Os sites de namoros também colaboram para um relacionamento entre pessoas de outros países. É o caso de uma brasileira, que residia em Londres, com um peruano (perfil do casal). Ela conta que estava sem nenhuma intenção de encontrar alguém, mas em dois dias já tinha recebido, entre outras, a mensagem do seu pretendente. A naturalidade do estrangeiro conquistou a brasileira. “Depois de um mês de namoro on-line, fui para Lima encontrar-me com ele. Num abraço emocionado ficamos seguros de que o tempo já nos tinha dado o conhecimento necessário”. O casamento está marcado para julho de 2011.

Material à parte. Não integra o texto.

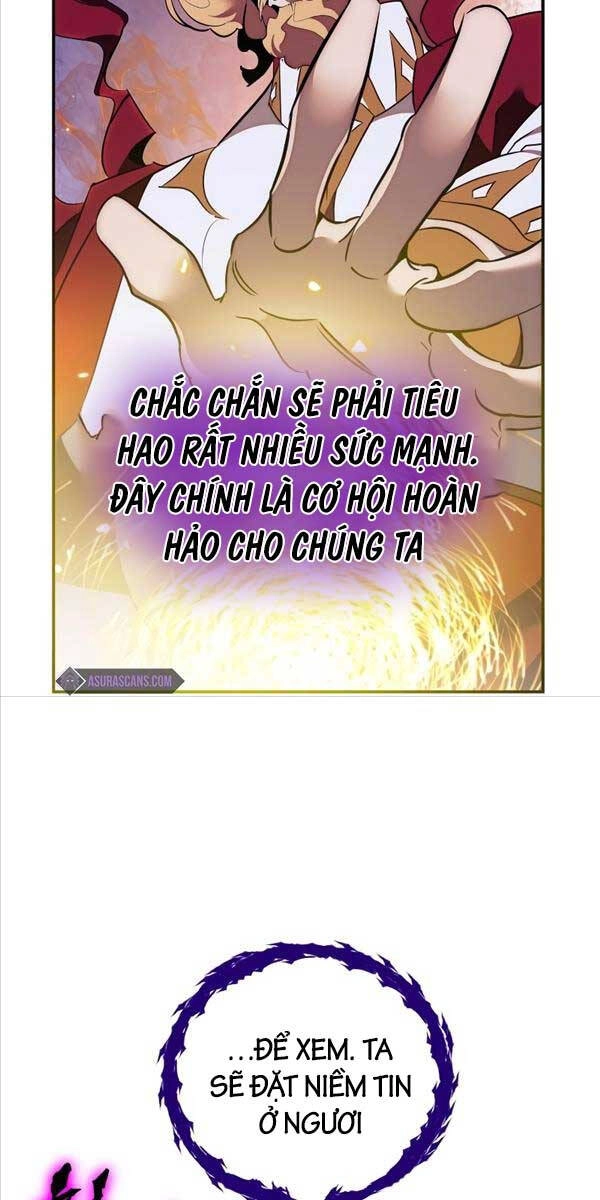 Trở Lại Thành Người Chơi Chapter 129 - 12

Os espaços virtuais de relacionamento ajudam inclusive os usuários divorciados que estejam em busca de reconstruir a família. Fernanda e Sandro (perfil do casal), são exemplos deste caso. “Eu nunca acreditei em amor pela internet, mas estivemos buscando a direção de Deus e tivemos vários sinais de que Ele estava movendo sua mão”, disse Fernanda, separada há três anos. Quando deram o depoimento ao site, eles já tinham mais de cinco meses de casados.

O sucesso de um relacionamento iniciado num site de paquera pode ser creditado ao destino, a um acaso da natureza virtual. No entanto, cada vez mais, uma estrutura tecnológica altamente capacitada que projeta com rigor científico os pares que está sendo usada para medir o potencial de evolução amorosa. 

sábado, 4 de junho de 2011

Sem anos de solidão

Idosos deixam de lado o ostracismo para se apaixonar

Por Ana Carolina Correia
Gabriel García Marquez dizia que “o segredo de uma velhice agradável consiste apenas na assinatura de um honroso pacto com a solidão”. Que o escritor colombiano não me ouça, mas a solidão já não é há muito um destino para os mais velhos. A população acima dos 60 anos se livrou da imposição de ser sozinho para conquistar o ciberespaço e achar o amor e a amizade na internet.
 Marli Ferreira Soares poderia dizer que, aos 63 anos, está na melhor fase de sua vida.  Libriana, alegre, divorciada há cinco anos, sem filhos e já aposentada, decidiu entrar em um site de encontros para achar um homem capaz de acompanhá-la. Marli seria uma mulher encantadora se não fosse na realidade uma estudante de Jornalismo de 21 anos.



O perfil dessa personagem foi elaborado para ser o retrato da sociedade que envelhece cada vez melhor e encontra nesses sites um local de troca de mensagens e carinhos. Em seu portal na web, o Amores Possíveis conta com cerca de 250 homens entre 60 e 80 anos, e um número bastante superior, que o site não revela, de mulheres.